Venezuelan President Hugo Chavez and Bolivian President Evo Morales arrived on Friday. They planned to sign the accord with Cuban President Fidel Castro on Saturday and participate in an evening rally in Havana's Revolution Square.

"This meeting is a great meeting of three generations, of three revolutions," Morales, who was elected in December, said upon arrival.

Castro came to power in a 1959 communist revolution, and Chavez first won election in 1998 to lead what he calls a "Bolivarian revolution."

The three-way summit takes place on the first anniversary of a comprehensive political, social and economic integration agreement between Cuba and Venezuela, dubbed the Bolivarian Alternative for the Americas (ALBA), after South American independence hero Simon Bolivar.

The accord gives Cuba preferential financing for Venezuelan oil and payment for more than 20,000 Cuban doctors and other professionals working in Venezuela. It has helped Cuba emerge from the economic crisis that followed the demise of the Soviet Union, its former benefactor .

Bolivia, by joining the pact, will gain access to Venezuelan energy resources and financing, Cuban doctors, teachers and other professionals, and markets for products such as soy.

"ALBA has worked very well for both Cuba and Venezuela, and Bolivia's joining can only improve it by adding another dimension," Cuban economist Omar Everleny said.

LATIN AMERICA SPLIT ON FUTURE

Nicaraguan Sandinista revolutionary Daniel Ortega, who held power in the 1980s and is a leading candidate in a presidential election this November, was also in Havana, apparently as an observer.

Chavez and Castro cast ALBA as a contrast to a faltering U.S. plan for a "Free Trade Area of the Americas," which they charge is a U.S. bid to reinforce its domination of Latin America. The message has resonated in a region where free-market policies have failed to alleviate chronic poverty.

"Until this year, Castro and Chavez seemed doomed to remain a two-man club. The addition of Morales dramatically changes this equation," said Daniel Erikson, Caribbean programs director at the Inter-American Dialogue, a Washington policy group.

"By adding a country with significant gas reserves that are increasingly under government control, Bolivia's membership expands the economic potential of ALBA, which already includes Venezuela's huge oil reserves," Erikson said.

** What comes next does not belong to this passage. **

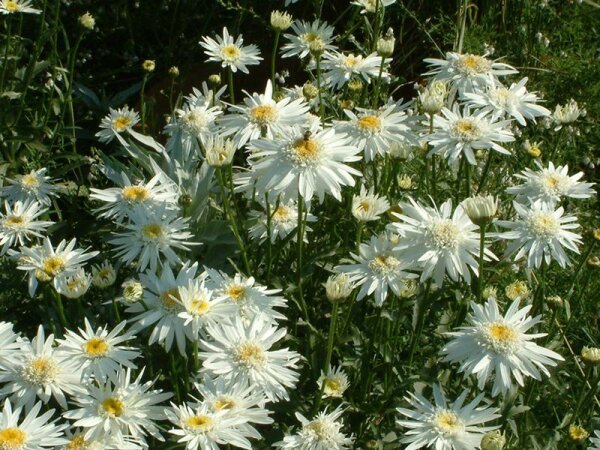 Leucanthemum x superbum Christine Hagemann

Latin America is increasingly divided on how to form an economic bloc that can compete in the global economy.

Venezuela and Bolivia threatened this month to the leave a five-member Andean Community of Nations because members Colombia, Peru have signed U.S.-sponsored free-trade agreements. Ecuador is considering a similar pact with Washington.

Nine Latin American countries, including Mexico and Chile, have signed free-trade agreements with Washington. Others, such as all-important Brazil and Argentina, have refused, while also keeping their distance from Venezuela's ALBA.

"It remains to be seen how far this alternative economic model will take hold in the hemisphere. Most countries are not about to adopt restricted, selective policies toward foreign investment or turn toward state direction of the economy," said Phil Peters, vice president of the Lexington Institute, a conservative U.S. think tank.